▶ [PROBLEM TO WORK ON] Would you please transcribe the records below exactly, leaving out the pictures?

- - - -

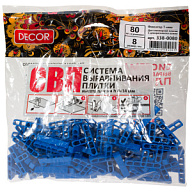 Фиксатор шва Decor для плитки, 8х 8мм, Т-образный, 80шт/упак цены в Воронеже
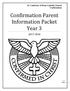 Confirmation Parent Information Packet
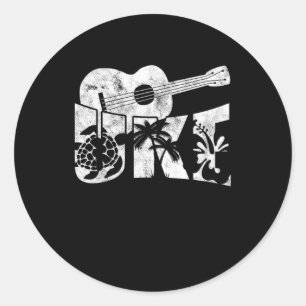 Adesivo Uke Ukulele Music Initiative Gift Acoustic Guitar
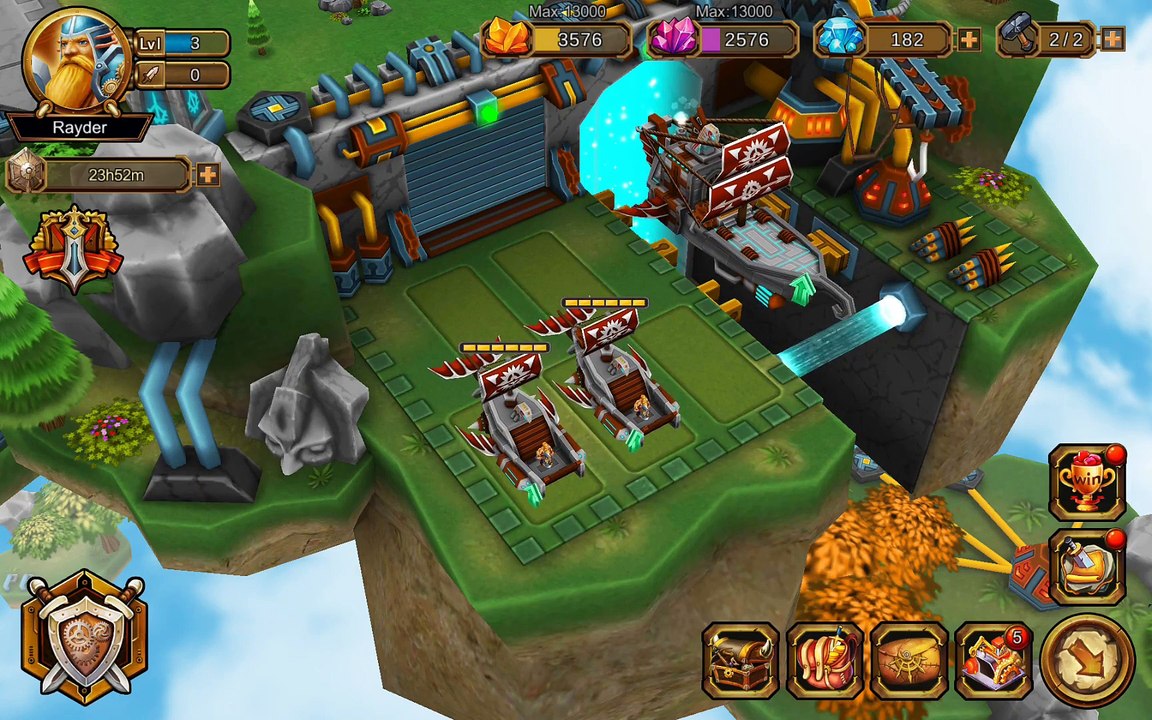Atlantis: 3D war strategy game - Android gameplay PlayRawNow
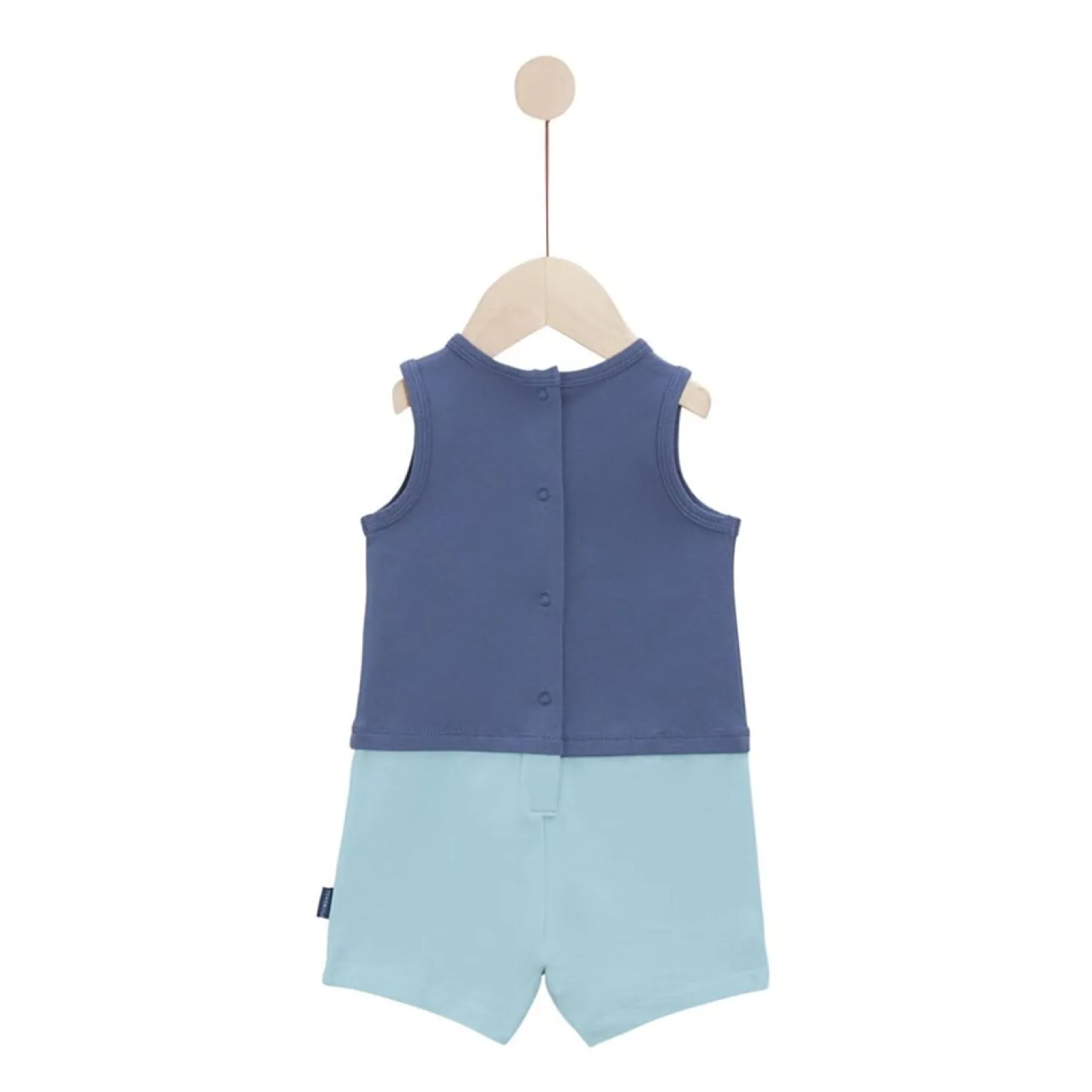 P’tit bisou Combicourt Mon petit nuage Bleu Infinity 12 mois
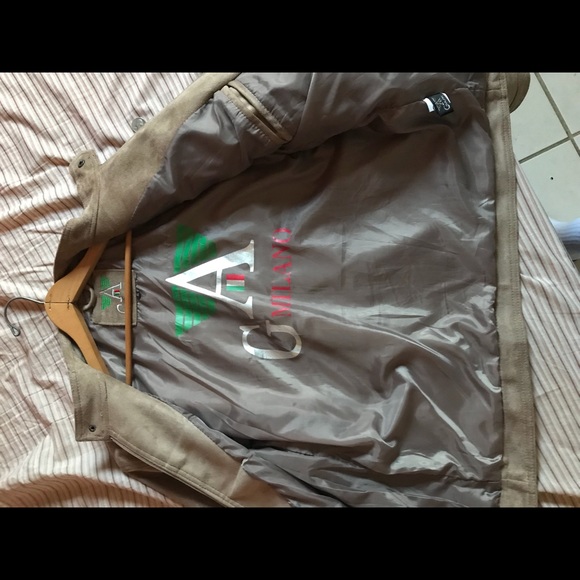 GA MILANO SUEDE JACKET - Picture 3 of 3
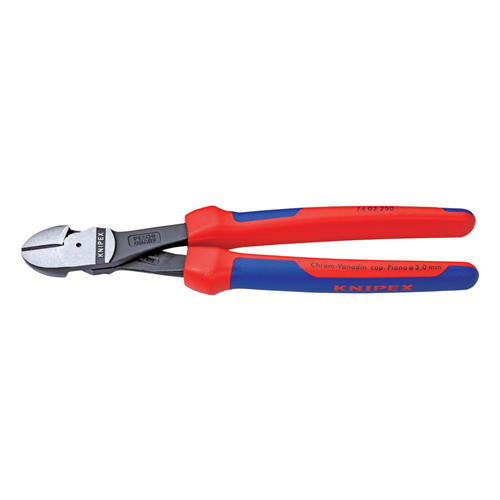 Knipex 10 in. High Leverage Diagonal Cutters With Comfort Grip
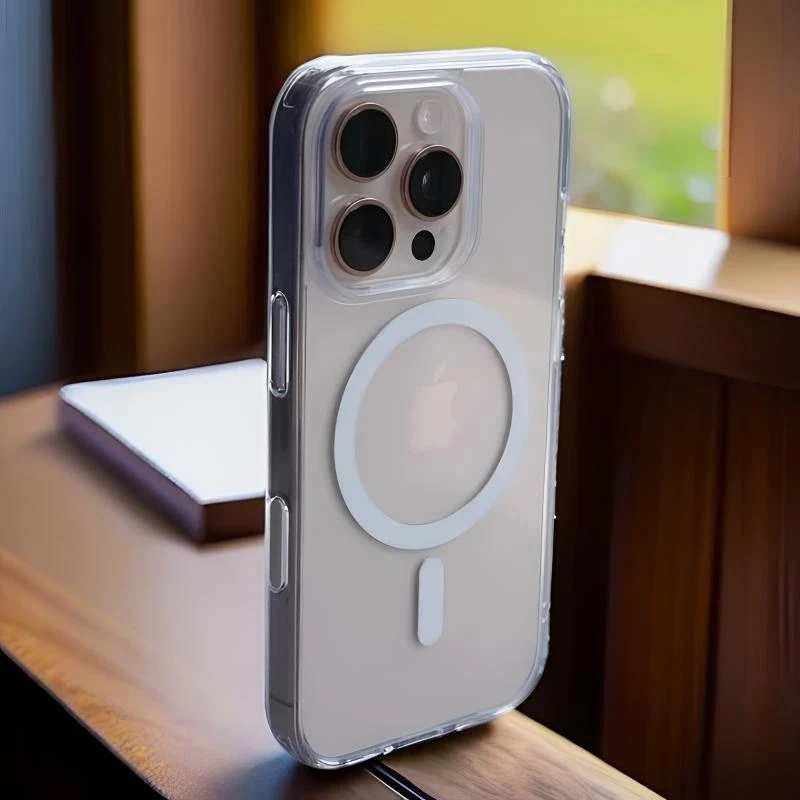 BANCA高级亚克力磁吸壳适用iPhone17/16promax手机壳苹果15透明14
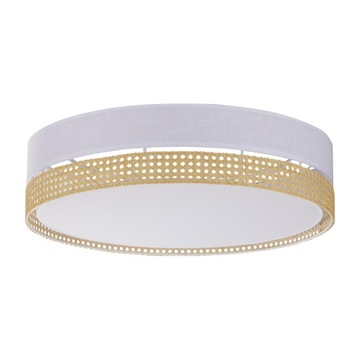 Boho TK Lighting plafon lampa sufitowa rattan z białym 4xE27 60cm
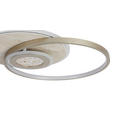 LED-DECKENLEUCHTE Travera 54,5/43/8 cm  - Sandfarben/Chromfarben, Design, Kunststoff/Stein (54,5/43/8cm) - Novel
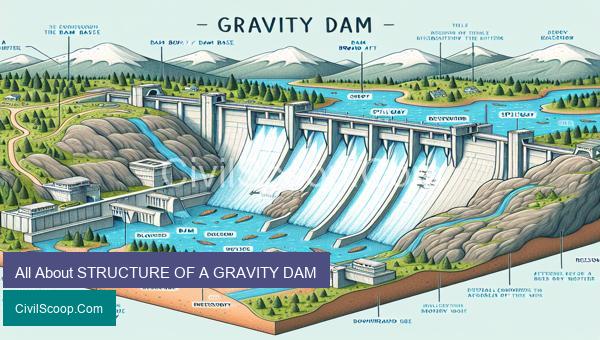 All About STRUCTURE OF A GRAVITY DAM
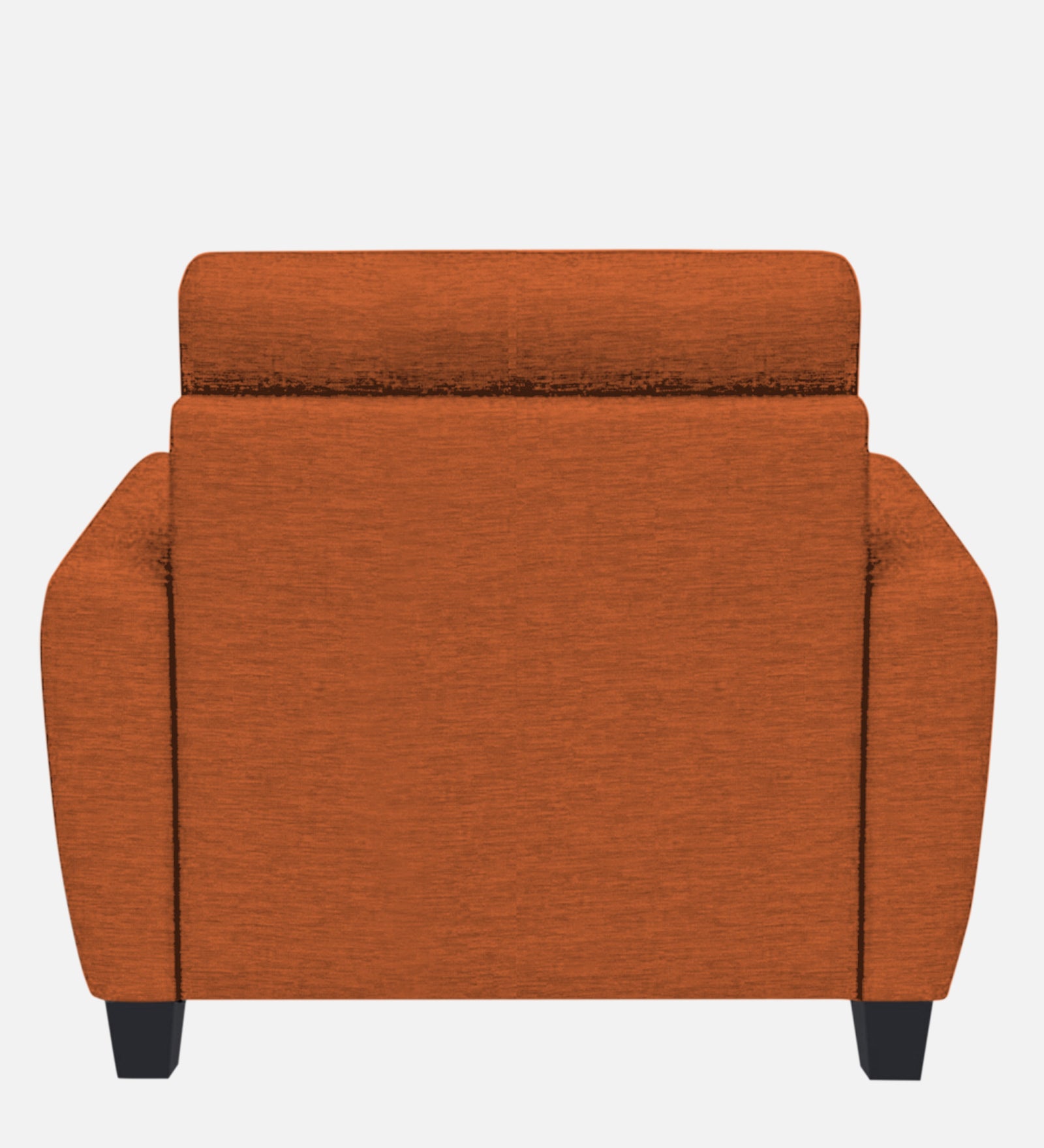 Bakadi Fabric 1 Seater Sofa In Vivid Orange Colour - Febonic Living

- - - -

▶ [EXERCISE OUTPUT]
 Фиксатор шва Decor для плитки, 8х 8мм, Т-образный, 80шт/упак цены в Воронеже
 Confirmation Parent Information Packet
 Adesivo Uke Ukulele Music Initiative Gift Acoustic Guitar
Atlantis: 3D war strategy game - Android gameplay PlayRawNow
 P’tit bisou Combicourt Mon petit nuage Bleu Infinity 12 mois
 GA MILANO SUEDE JACKET - Picture 3 of 3
 Knipex 10 in. High Leverage Diagonal Cutters With Comfort Grip
 BANCA高级亚克力磁吸壳适用iPhone17/16promax手机壳苹果15透明14
 Boho TK Lighting plafon lampa sufitowa rattan z białym 4xE27 60cm
 LED-DECKENLEUCHTE Travera 54,5/43/8 cm  - Sandfarben/Chromfarben, Design, Kunststoff/Stein (54,5/43/8cm) - Novel
 All About STRUCTURE OF A GRAVITY DAM
 Bakadi Fabric 1 Seater Sofa In Vivid Orange Colour - Febonic Living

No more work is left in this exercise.